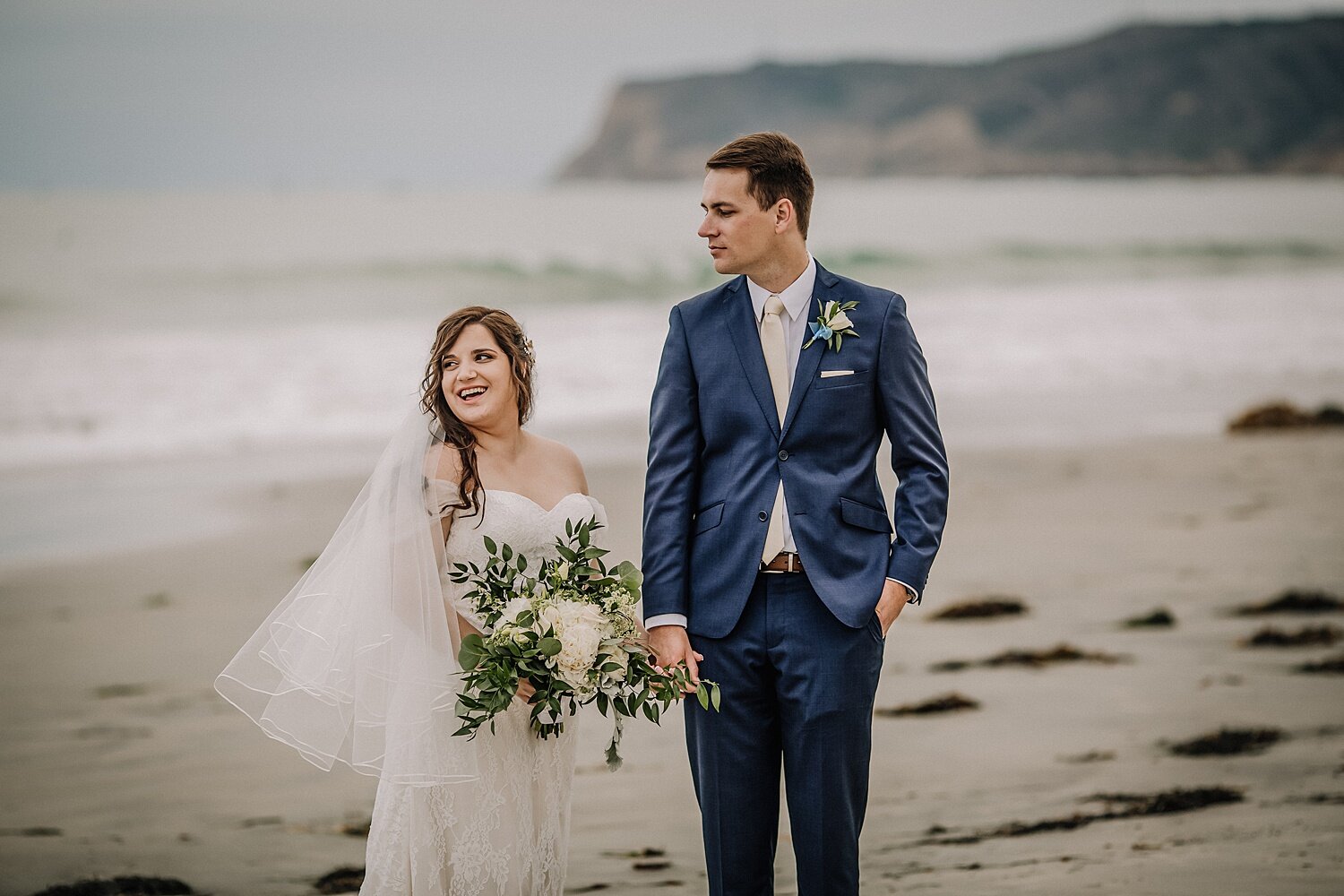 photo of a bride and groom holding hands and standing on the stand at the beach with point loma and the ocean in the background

--

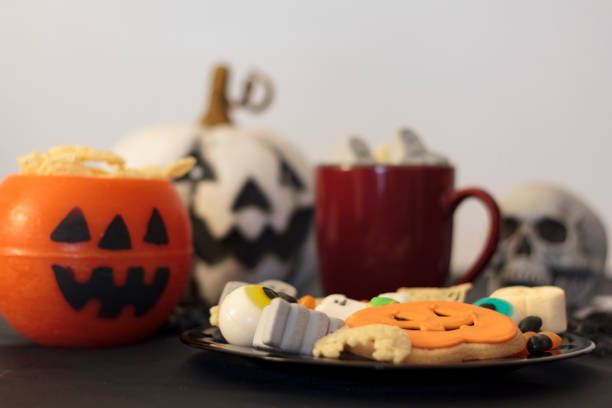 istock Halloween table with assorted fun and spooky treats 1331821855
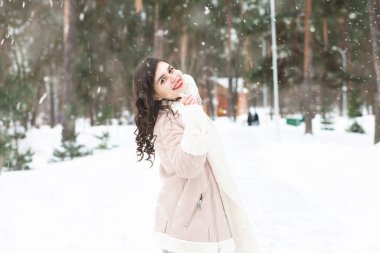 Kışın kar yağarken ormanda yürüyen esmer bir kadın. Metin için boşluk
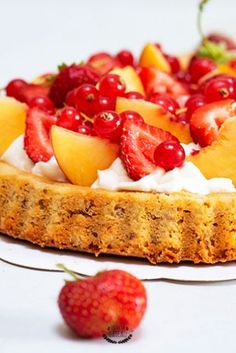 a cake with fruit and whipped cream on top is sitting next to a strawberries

...

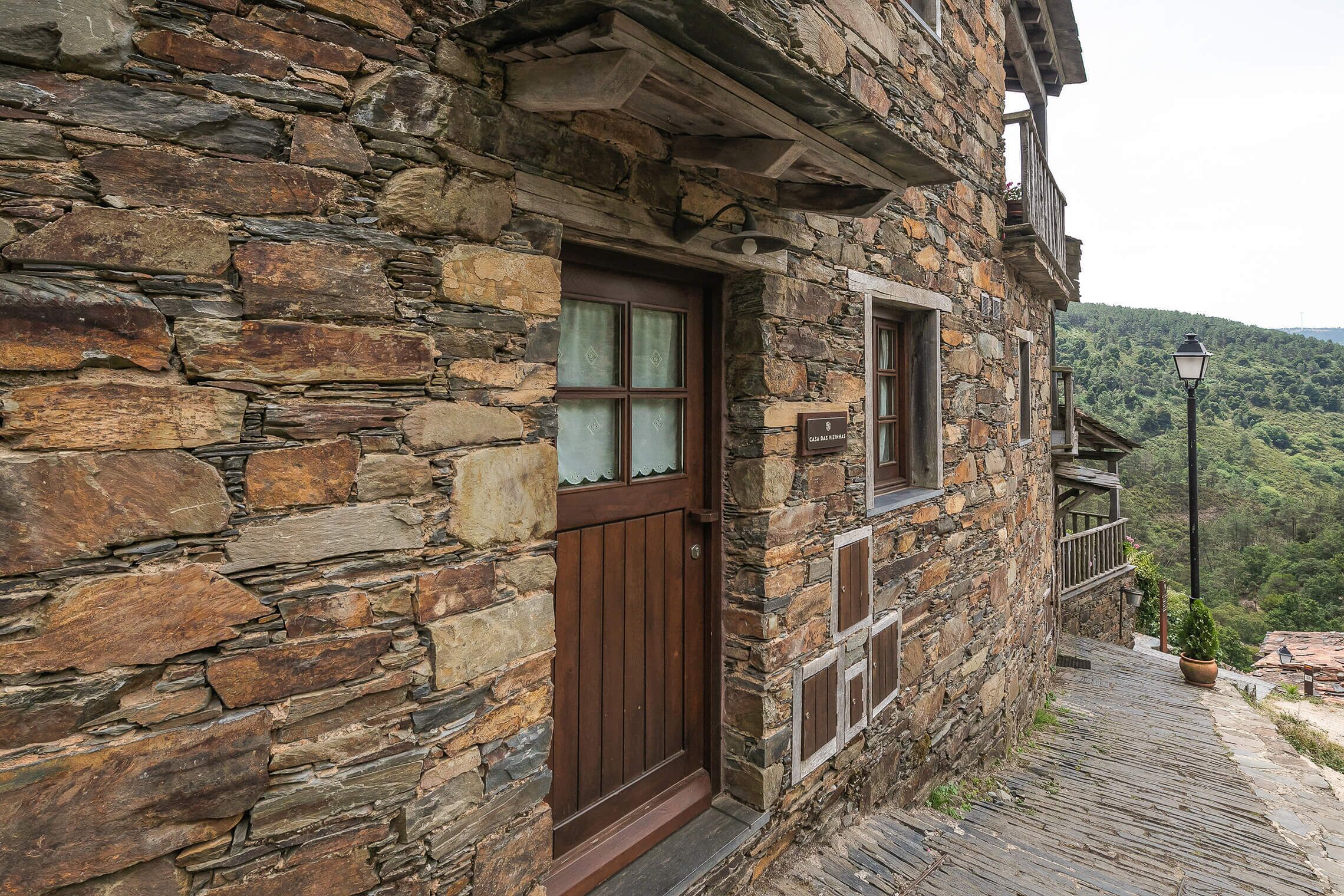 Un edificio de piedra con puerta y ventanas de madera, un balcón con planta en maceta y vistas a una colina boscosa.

_Activity:_
Retype, exactly and with no pictures, everything above from the line with "Kışın kar yağarken" down to the line with "a cake with", both included.

_Output for this exercise:_
 Kışın kar yağarken ormanda yürüyen esmer bir kadın. Metin için boşluk
 a cake with fruit and whipped cream on top is sitting next to a strawberries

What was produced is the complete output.